Records —
────
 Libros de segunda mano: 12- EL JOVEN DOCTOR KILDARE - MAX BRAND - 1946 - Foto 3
────
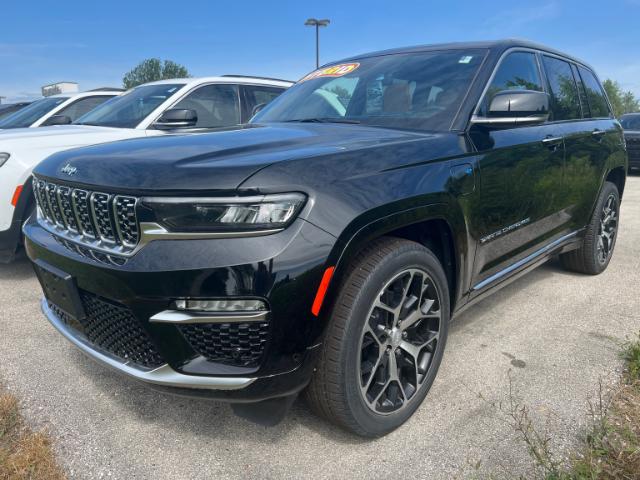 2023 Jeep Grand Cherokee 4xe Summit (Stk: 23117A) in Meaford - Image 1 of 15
────
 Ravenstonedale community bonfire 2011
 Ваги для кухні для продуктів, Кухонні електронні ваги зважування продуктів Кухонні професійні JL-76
────
What is required — All lines in the listing above between the line with "Ravenstonedale community bonfire 2011" and the line with "Ваги для кухні", inclusive, should be set down exactly, and no line outside that range.

Solved problem —
 Ravenstonedale community bonfire 2011
 Ваги для кухні для продуктів, Кухонні електронні ваги зважування продуктів Кухонні професійні JL-76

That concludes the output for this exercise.